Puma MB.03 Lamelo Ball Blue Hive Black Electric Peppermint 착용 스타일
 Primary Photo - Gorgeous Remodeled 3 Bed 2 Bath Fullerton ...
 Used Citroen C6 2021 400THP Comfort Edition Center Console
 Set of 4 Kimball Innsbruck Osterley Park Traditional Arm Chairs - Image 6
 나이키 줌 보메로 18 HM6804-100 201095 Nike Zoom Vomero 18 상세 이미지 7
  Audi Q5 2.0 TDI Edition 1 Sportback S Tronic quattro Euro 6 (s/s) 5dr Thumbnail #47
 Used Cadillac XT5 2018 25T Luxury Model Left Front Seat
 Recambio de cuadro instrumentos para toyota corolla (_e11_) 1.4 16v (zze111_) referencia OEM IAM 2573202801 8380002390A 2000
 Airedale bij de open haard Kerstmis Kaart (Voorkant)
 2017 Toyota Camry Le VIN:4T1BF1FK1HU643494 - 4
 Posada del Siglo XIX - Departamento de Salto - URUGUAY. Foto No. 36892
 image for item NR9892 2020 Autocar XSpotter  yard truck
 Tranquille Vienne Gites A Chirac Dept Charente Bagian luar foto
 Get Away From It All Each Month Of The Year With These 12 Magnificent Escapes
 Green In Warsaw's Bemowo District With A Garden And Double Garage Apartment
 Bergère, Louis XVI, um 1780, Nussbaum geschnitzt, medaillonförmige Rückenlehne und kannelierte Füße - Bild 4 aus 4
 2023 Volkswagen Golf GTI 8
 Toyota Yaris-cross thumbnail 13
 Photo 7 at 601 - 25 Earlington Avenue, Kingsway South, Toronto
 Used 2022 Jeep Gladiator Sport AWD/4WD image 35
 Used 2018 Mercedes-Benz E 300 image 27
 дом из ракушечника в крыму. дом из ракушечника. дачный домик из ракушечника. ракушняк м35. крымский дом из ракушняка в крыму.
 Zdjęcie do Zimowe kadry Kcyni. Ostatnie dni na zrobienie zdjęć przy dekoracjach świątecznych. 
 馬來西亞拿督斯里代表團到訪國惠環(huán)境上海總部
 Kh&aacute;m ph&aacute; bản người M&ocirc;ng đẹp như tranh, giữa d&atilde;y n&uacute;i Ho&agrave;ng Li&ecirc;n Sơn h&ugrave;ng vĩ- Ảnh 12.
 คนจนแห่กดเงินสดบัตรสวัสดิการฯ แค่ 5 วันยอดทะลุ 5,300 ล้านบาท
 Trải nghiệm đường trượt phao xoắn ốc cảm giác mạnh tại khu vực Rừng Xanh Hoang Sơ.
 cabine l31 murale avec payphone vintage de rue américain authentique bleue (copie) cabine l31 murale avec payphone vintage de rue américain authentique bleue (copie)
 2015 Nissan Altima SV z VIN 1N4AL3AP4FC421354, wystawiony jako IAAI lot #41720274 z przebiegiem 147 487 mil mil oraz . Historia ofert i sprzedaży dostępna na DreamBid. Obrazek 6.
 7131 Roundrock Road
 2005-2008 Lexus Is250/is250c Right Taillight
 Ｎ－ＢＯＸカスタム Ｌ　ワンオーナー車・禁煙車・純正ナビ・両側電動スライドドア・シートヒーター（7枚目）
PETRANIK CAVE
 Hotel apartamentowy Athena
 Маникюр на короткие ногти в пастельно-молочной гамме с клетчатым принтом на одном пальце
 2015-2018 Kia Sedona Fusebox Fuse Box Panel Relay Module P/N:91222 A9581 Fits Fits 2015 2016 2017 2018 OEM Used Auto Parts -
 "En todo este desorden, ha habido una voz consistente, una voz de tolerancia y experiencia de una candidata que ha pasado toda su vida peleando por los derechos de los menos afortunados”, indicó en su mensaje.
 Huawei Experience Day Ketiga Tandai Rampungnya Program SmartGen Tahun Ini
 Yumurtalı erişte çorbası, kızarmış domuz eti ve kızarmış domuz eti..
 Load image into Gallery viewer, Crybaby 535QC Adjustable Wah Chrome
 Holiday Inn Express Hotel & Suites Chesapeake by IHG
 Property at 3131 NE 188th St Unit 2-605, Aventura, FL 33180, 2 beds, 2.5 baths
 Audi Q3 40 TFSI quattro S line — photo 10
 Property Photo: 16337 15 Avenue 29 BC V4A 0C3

______________________________

**How to complete this task**
Skip every line before the one containing "PETRANIK CAVE". Retype that line and the rest through the last one exactly as they stand in the listing.

**Result of this exercise**
PETRANIK CAVE
 Hotel apartamentowy Athena
 Маникюр на короткие ногти в пастельно-молочной гамме с клетчатым принтом на одном пальце
 2015-2018 Kia Sedona Fusebox Fuse Box Panel Relay Module P/N:91222 A9581 Fits Fits 2015 2016 2017 2018 OEM Used Auto Parts -
 "En todo este desorden, ha habido una voz consistente, una voz de tolerancia y experiencia de una candidata que ha pasado toda su vida peleando por los derechos de los menos afortunados”, indicó en su mensaje.
 Huawei Experience Day Ketiga Tandai Rampungnya Program SmartGen Tahun Ini
 Yumurtalı erişte çorbası, kızarmış domuz eti ve kızarmış domuz eti..
 Load image into Gallery viewer, Crybaby 535QC Adjustable Wah Chrome
 Holiday Inn Express Hotel & Suites Chesapeake by IHG
 Property at 3131 NE 188th St Unit 2-605, Aventura, FL 33180, 2 beds, 2.5 baths
 Audi Q3 40 TFSI quattro S line — photo 10
 Property Photo: 16337 15 Avenue 29 BC V4A 0C3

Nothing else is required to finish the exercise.